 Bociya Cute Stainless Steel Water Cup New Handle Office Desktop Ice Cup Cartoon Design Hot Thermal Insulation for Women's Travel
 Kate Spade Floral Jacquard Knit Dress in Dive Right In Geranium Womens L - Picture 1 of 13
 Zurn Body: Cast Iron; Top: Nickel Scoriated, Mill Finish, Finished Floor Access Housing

========================

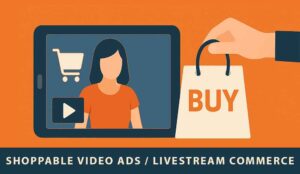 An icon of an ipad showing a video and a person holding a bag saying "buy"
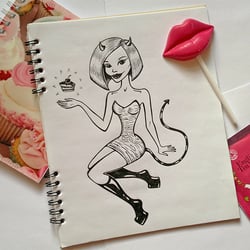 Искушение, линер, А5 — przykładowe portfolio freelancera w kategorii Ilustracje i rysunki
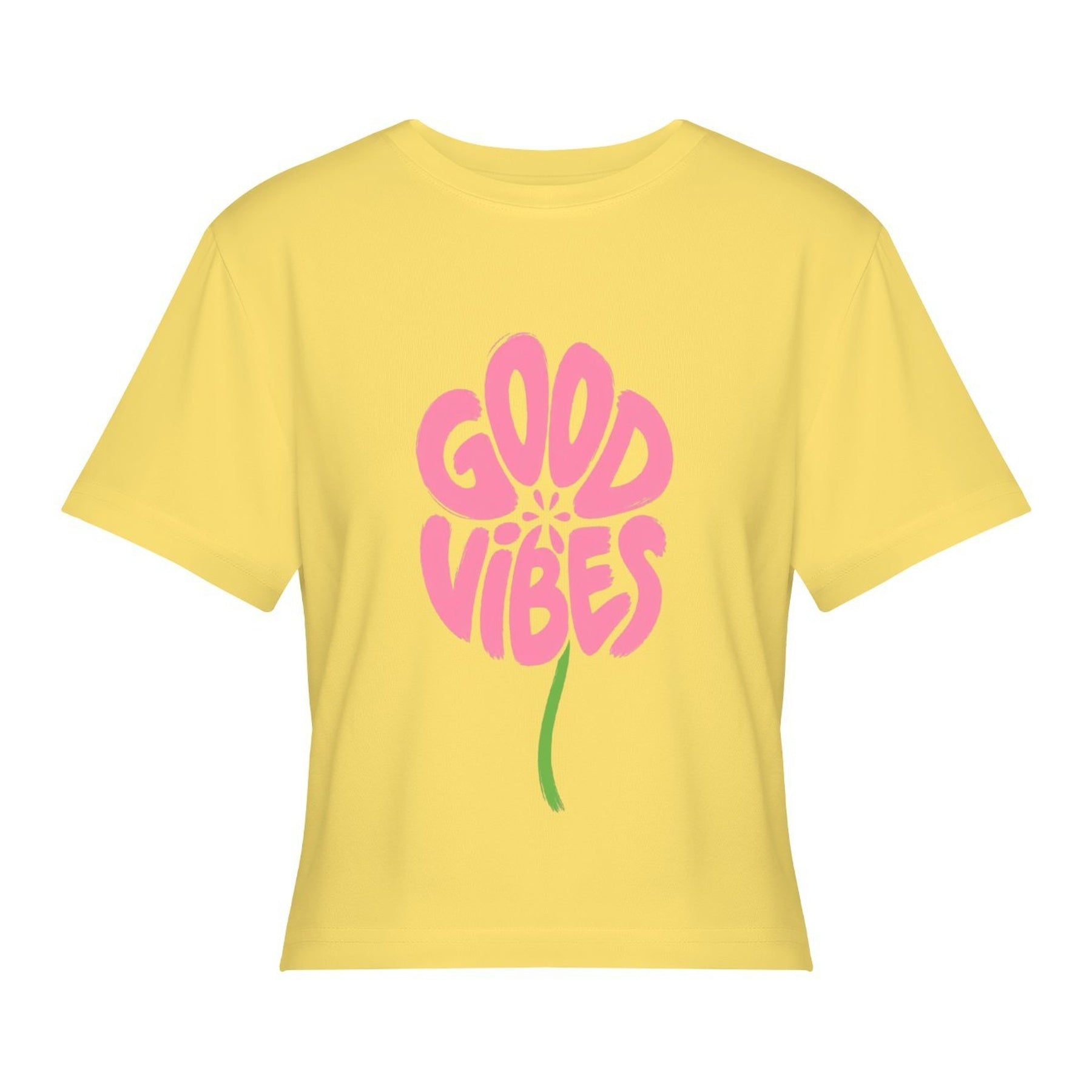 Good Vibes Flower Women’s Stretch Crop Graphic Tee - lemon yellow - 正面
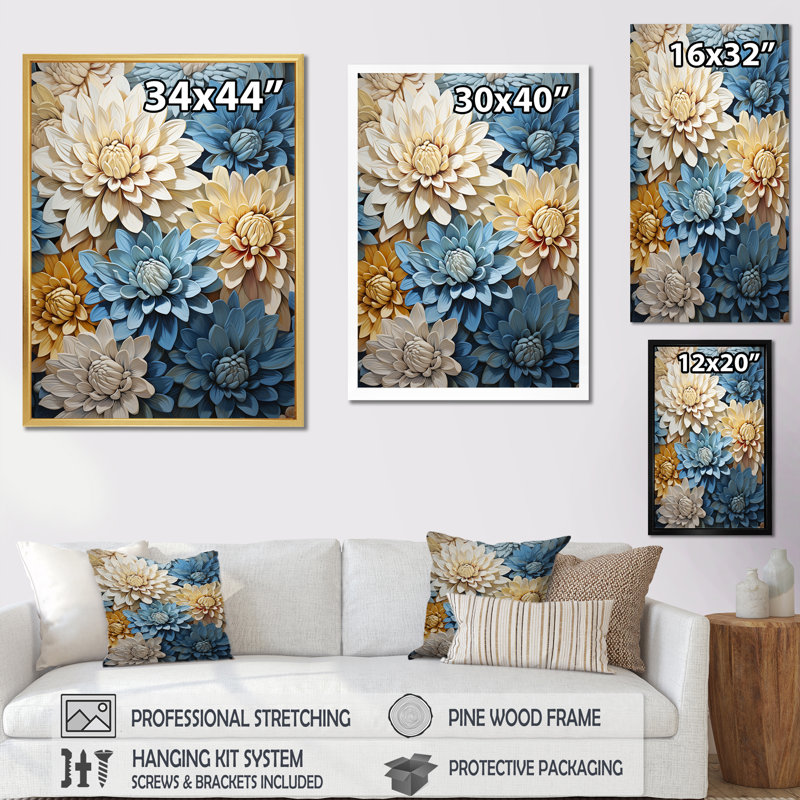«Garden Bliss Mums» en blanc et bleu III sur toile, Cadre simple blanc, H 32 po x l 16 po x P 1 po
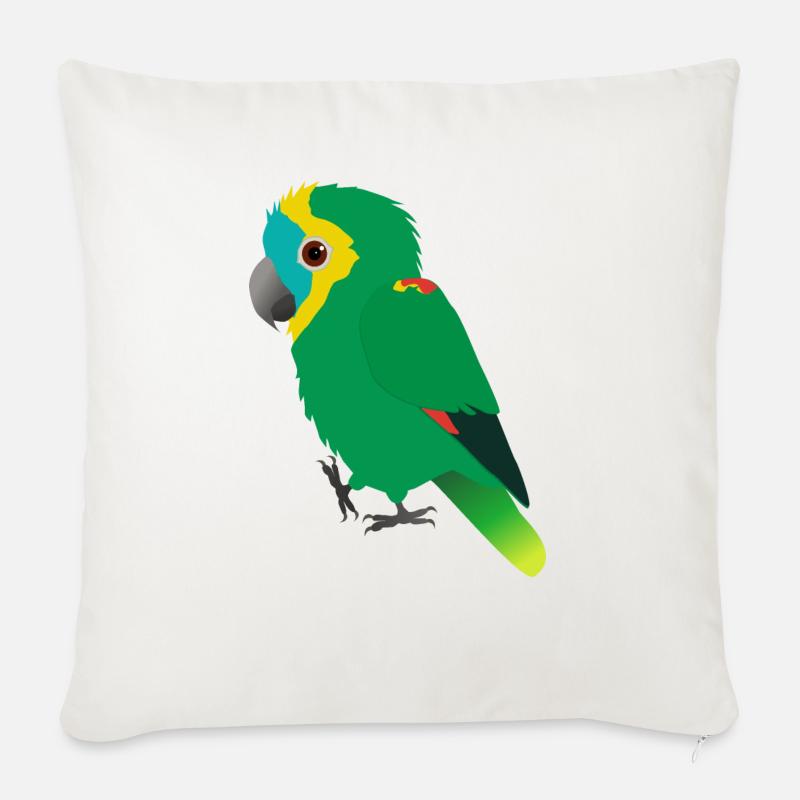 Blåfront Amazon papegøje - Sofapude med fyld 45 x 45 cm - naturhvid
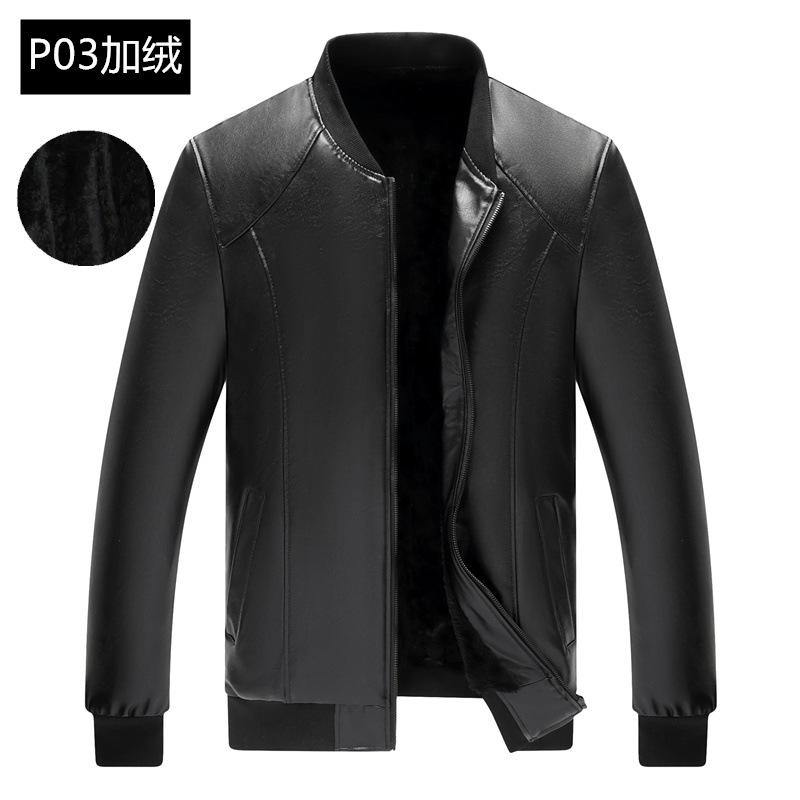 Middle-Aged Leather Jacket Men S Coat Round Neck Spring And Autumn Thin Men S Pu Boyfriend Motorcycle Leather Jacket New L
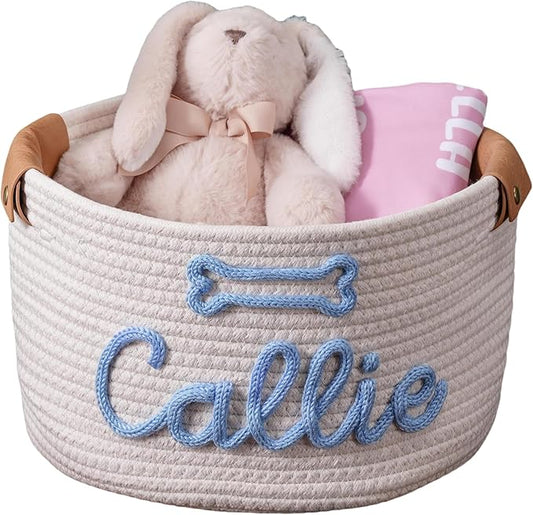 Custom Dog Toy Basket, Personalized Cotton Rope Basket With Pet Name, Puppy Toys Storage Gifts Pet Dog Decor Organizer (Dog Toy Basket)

========================

● **Aim of the task**
Would you write out exactly the lines above, starting at the line containing "Blåfront Amazon papegøje" and stopping after the line containing "Custom Dog Toy"? Omit the pictures.

● **Solution for this problem**
 Blåfront Amazon papegøje - Sofapude med fyld 45 x 45 cm - naturhvid
 Middle-Aged Leather Jacket Men S Coat Round Neck Spring And Autumn Thin Men S Pu Boyfriend Motorcycle Leather Jacket New L
 Custom Dog Toy Basket, Personalized Cotton Rope Basket With Pet Name, Puppy Toys Storage Gifts Pet Dog Decor Organizer (Dog Toy Basket)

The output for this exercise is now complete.